小児脊髄空洞症に対する低侵襲治療法

  小児の脊髄空洞症は.閉じていない脊髄空洞症を通して鞘の中に腹水が過剰に溜まることで起こります。 脊髄空洞症の異常閉鎖の部位により.基本的に精巣空洞症と精巣空洞症の2種類に分けられます。 脊髄空洞症は.すべての年齢層の子どもに見られますが.大多数は男の子で.女の子にも時折.ナック嚢胞と呼ばれる脊髄空洞症がみられます。
  出生後.脊髄空洞症が閉塞を続け.鞘のリンパ系が成熟すると.少量の液体が徐々に自己吸収され.自然に治癒することがあります。 幼い子ほど体液が少なく.自己治癒力が高いのです。 年長児では.体液の貯留が多く.自然治癒に時間がかかる。
  I. 臨床症状
  鼠径部または陰嚢の片側または両側にあるしこりで.ゆっくりと大きくなり.痛みはありません。 閉じていない括約筋が太い場合.一晩横にすると朝には腫瘤が縮んでいる。
  II.試験
  1.局所検査 腫瘤は嚢胞性で.透過光検査は陽性.境界は明瞭で腹腔との明らかな連続性はない。 圧縮後の張力で質量が減少することがあるが.体積の大きな減少はない。
  精索水腫では.腫瘤は精索の中にあり.小さく楕円形をしています。 精巣括約筋水腫では.腫瘤は陰嚢の根元から垂れ下がり.形は楕円形か円形です。 腫瘤が高張力であれば睾丸は感じられず.高張力でなければ睾丸は嚢腫の中に触知できる。
  2.B超音波検査で嚢胞性腫瘤を確認。 他の陰嚢内腫瘤(精巣腫瘍.陥入ヘルニア)との鑑別が可能である。
  治療法  
  1.観察・経過観察 乳幼児では.体液量が少なく.発症期間が短いため.1年間観察し.自然消退するのを待つことができる。
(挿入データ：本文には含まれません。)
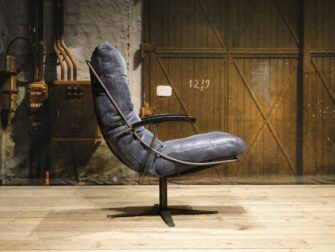 Fauteuil Bruno met armleuning - leer - dark blue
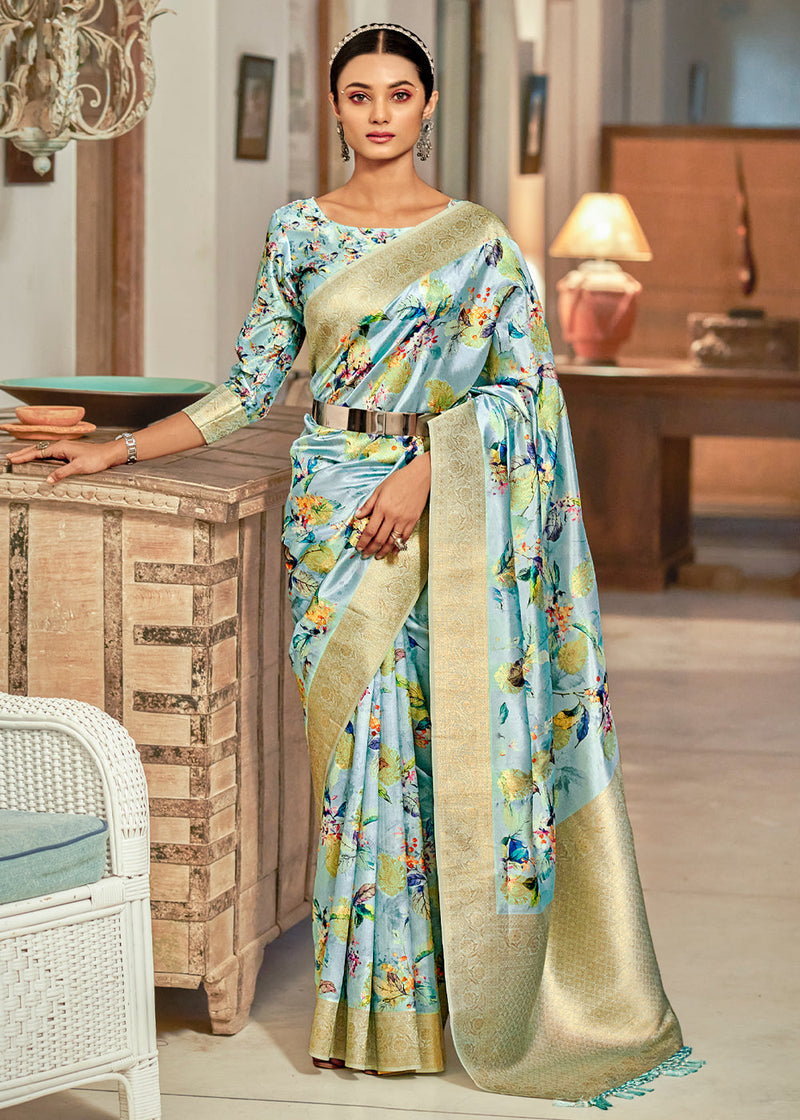 Spring Rain Blue Digital Printed Banarasi Saree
  2.手術療法 観察しても液が引かない場合や.短期間で液の量が増え.精巣の血液循環に影響を与えるほど緊張が強い場合は.高位括約筋結紮術を行うことが望ましい。 手術は従来の1.0cm程度の切開で済む低侵襲なもので.麻酔が効いているため.通常は術後1~2日で退院が可能です。 低侵襲の腹腔鏡手術も可能です。
  そのメリットは
  1. 対側の括約筋が閉じているかどうかを調べることができる。
  2.鼠径部の針穴切開と臍の0.5cm切開のみで.審美性は高いが.従来の手術より約1000元高く.陰嚢や鼠径部の液体を穿刺で取り除く必要があるというデメリットがある。
  術後合併症と予防
  1.陰嚢血腫 陰嚢の組織は緩く.出血や滲出が起こりやすいので.手術中は止血に注意する必要があります。
  2.精巣の萎縮 主に精巣の血流障害によるもので.手術時には精巣動脈の損傷を避け.外腹斜筋の腱膜を縫合し.締め過ぎないようにする必要があります。
  3.陰嚢水腫 手術による組織への刺激で水腫を起こすことがありますが.術後数日で治まります。
  4.精巣損傷 解剖学的関係に注意する。
  5.術後再発 手術時の結紮(けっさつ)の高さが足りなかったり.括約筋が切れたりすると.術後に再発することがあります。
  6.睾丸の後退 手術中は睾丸を陰嚢の根元まで後退させる必要があります。
  予後:小児の脊髄空洞症は予後良好ですが.脊髄空洞症が緊張している場合や.脊髄空洞症に感染した場合.早期に手術しないと精巣機能が損なわれることがあります。